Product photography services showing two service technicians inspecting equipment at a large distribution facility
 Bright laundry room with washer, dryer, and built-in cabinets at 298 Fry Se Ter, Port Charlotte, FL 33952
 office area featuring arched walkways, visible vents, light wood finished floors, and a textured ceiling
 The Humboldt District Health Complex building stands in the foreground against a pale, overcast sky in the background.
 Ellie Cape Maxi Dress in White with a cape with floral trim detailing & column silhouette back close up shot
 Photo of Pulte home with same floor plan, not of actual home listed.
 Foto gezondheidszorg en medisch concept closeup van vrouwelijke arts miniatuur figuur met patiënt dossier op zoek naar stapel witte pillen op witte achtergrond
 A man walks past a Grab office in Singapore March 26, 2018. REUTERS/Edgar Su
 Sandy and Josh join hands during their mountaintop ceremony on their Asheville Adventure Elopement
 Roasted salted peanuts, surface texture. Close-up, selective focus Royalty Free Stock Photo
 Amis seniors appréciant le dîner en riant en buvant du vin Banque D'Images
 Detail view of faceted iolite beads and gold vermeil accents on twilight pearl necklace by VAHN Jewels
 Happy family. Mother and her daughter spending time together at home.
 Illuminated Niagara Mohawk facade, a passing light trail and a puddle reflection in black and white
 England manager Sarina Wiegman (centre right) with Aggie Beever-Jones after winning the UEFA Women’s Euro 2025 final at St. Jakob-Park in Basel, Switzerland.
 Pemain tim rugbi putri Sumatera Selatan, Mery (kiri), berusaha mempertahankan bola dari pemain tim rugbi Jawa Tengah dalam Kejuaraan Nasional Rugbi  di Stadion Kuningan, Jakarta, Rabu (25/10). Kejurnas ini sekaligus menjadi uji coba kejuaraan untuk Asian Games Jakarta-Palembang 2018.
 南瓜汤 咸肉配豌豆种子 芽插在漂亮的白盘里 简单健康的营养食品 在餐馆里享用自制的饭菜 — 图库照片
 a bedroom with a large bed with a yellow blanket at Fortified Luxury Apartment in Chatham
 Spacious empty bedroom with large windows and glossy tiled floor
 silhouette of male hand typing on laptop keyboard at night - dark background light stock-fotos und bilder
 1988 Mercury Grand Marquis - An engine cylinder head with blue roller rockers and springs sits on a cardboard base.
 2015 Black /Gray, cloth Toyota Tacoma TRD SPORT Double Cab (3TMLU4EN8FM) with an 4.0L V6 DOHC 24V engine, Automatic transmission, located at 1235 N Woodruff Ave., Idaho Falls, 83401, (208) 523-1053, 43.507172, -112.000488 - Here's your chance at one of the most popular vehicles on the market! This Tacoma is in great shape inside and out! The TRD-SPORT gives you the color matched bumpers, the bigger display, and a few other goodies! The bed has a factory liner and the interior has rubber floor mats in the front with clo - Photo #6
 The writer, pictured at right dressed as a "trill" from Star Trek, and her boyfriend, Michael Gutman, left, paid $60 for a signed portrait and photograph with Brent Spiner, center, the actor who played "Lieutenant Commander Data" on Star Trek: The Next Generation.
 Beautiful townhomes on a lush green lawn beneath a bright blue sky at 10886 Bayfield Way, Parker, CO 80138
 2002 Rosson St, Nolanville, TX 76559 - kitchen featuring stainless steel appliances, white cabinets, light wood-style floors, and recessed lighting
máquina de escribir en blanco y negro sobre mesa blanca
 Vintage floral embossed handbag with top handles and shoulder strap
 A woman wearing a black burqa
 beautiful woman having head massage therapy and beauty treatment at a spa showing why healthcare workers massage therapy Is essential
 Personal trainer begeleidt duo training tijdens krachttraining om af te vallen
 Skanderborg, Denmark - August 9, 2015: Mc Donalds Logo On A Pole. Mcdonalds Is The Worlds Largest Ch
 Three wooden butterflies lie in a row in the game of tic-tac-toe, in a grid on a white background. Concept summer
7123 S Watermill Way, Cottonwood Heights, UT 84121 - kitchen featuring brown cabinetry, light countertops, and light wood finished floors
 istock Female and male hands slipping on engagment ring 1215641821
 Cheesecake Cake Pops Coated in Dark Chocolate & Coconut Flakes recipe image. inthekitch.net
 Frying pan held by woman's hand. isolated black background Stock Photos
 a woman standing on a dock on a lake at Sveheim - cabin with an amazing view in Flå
----------
* WHAT TO WORK ON: Retype every record above exactly.

* RESPONSE AREA:
Product photography services showing two service technicians inspecting equipment at a large distribution facility
 Bright laundry room with washer, dryer, and built-in cabinets at 298 Fry Se Ter, Port Charlotte, FL 33952
 office area featuring arched walkways, visible vents, light wood finished floors, and a textured ceiling
 The Humboldt District Health Complex building stands in the foreground against a pale, overcast sky in the background.
 Ellie Cape Maxi Dress in White with a cape with floral trim detailing & column silhouette back close up shot
 Photo of Pulte home with same floor plan, not of actual home listed.
 Foto gezondheidszorg en medisch concept closeup van vrouwelijke arts miniatuur figuur met patiënt dossier op zoek naar stapel witte pillen op witte achtergrond
 A man walks past a Grab office in Singapore March 26, 2018. REUTERS/Edgar Su
 Sandy and Josh join hands during their mountaintop ceremony on their Asheville Adventure Elopement
 Roasted salted peanuts, surface texture. Close-up, selective focus Royalty Free Stock Photo
 Amis seniors appréciant le dîner en riant en buvant du vin Banque D'Images
 Detail view of faceted iolite beads and gold vermeil accents on twilight pearl necklace by VAHN Jewels
 Happy family. Mother and her daughter spending time together at home.
 Illuminated Niagara Mohawk facade, a passing light trail and a puddle reflection in black and white
 England manager Sarina Wiegman (centre right) with Aggie Beever-Jones after winning the UEFA Women’s Euro 2025 final at St. Jakob-Park in Basel, Switzerland.
 Pemain tim rugbi putri Sumatera Selatan, Mery (kiri), berusaha mempertahankan bola dari pemain tim rugbi Jawa Tengah dalam Kejuaraan Nasional Rugbi  di Stadion Kuningan, Jakarta, Rabu (25/10). Kejurnas ini sekaligus menjadi uji coba kejuaraan untuk Asian Games Jakarta-Palembang 2018.
 南瓜汤 咸肉配豌豆种子 芽插在漂亮的白盘里 简单健康的营养食品 在餐馆里享用自制的饭菜 — 图库照片
 a bedroom with a large bed with a yellow blanket at Fortified Luxury Apartment in Chatham
 Spacious empty bedroom with large windows and glossy tiled floor
 silhouette of male hand typing on laptop keyboard at night - dark background light stock-fotos und bilder
 1988 Mercury Grand Marquis - An engine cylinder head with blue roller rockers and springs sits on a cardboard base.
 2015 Black /Gray, cloth Toyota Tacoma TRD SPORT Double Cab (3TMLU4EN8FM) with an 4.0L V6 DOHC 24V engine, Automatic transmission, located at 1235 N Woodruff Ave., Idaho Falls, 83401, (208) 523-1053, 43.507172, -112.000488 - Here's your chance at one of the most popular vehicles on the market! This Tacoma is in great shape inside and out! The TRD-SPORT gives you the color matched bumpers, the bigger display, and a few other goodies! The bed has a factory liner and the interior has rubber floor mats in the front with clo - Photo #6
 The writer, pictured at right dressed as a "trill" from Star Trek, and her boyfriend, Michael Gutman, left, paid $60 for a signed portrait and photograph with Brent Spiner, center, the actor who played "Lieutenant Commander Data" on Star Trek: The Next Generation.
 Beautiful townhomes on a lush green lawn beneath a bright blue sky at 10886 Bayfield Way, Parker, CO 80138
 2002 Rosson St, Nolanville, TX 76559 - kitchen featuring stainless steel appliances, white cabinets, light wood-style floors, and recessed lighting
máquina de escribir en blanco y negro sobre mesa blanca
 Vintage floral embossed handbag with top handles and shoulder strap
 A woman wearing a black burqa
 beautiful woman having head massage therapy and beauty treatment at a spa showing why healthcare workers massage therapy Is essential
 Personal trainer begeleidt duo training tijdens krachttraining om af te vallen
 Skanderborg, Denmark - August 9, 2015: Mc Donalds Logo On A Pole. Mcdonalds Is The Worlds Largest Ch
 Three wooden butterflies lie in a row in the game of tic-tac-toe, in a grid on a white background. Concept summer
7123 S Watermill Way, Cottonwood Heights, UT 84121 - kitchen featuring brown cabinetry, light countertops, and light wood finished floors
 istock Female and male hands slipping on engagment ring 1215641821
 Cheesecake Cake Pops Coated in Dark Chocolate & Coconut Flakes recipe image. inthekitch.net
 Frying pan held by woman's hand. isolated black background Stock Photos
 a woman standing on a dock on a lake at Sveheim - cabin with an amazing view in Flå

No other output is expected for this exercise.